Pandemi Covid-19 meluas dengan kasus terus bertambah di Indonesia. Hal ini merupakan buah dari ketidakkonsistenan kebijakan pemerintah dan ketidakdisiplinan masyarakat menjalankan protokol kesehatan.
Kebijakan yang tak konsisten dan ketidakdisiplinan warga membuat penyebaran pandemi Covid-19 meluas. Kini, penyakit yang disebabkan virus korona tipe baru itu ditemukan di 439 kabupaten/kota di semua provinsi di Indonesia dengan jumlah kasus dan korban jiwa terus bertambah.

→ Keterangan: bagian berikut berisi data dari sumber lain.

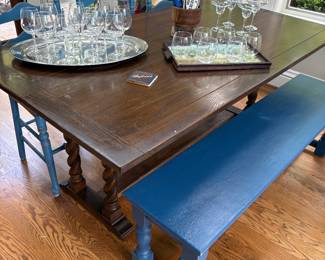 Another view of the trestle table and wood bench and trays with barware glasses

Juru Bicara Pemerintah untuk Covid-19 Achmad Yurianto mengatakan, banyak masyarakat yang belum menerapkan protokol kesehatan menjaga jarak dalam pelaksanaan Car Free Day (CFD) di Jakarta pada Minggu (21/6/2020).
ADVERTISEMENT
SCROLL TO RESUME CONTENT
Fenomena ini juga ditemukan di sejumlah bandar udara, khususnya di Bandara Hang Nadim, Batam, Kepulauan Riau.
“Beberapa bandara udara, yang akan melaksanakan penerbangan di hari Minggu ini, terutama yang mengarah ke Pulau Jawa, kami lakukan pemantauan di Batam, dan di beberapa tempat yang lain, juga demikian. Kita masih melihat, banyak masyarakat yang belum tertib untuk menjaga menjaga jarak,” ungkap Yurianto.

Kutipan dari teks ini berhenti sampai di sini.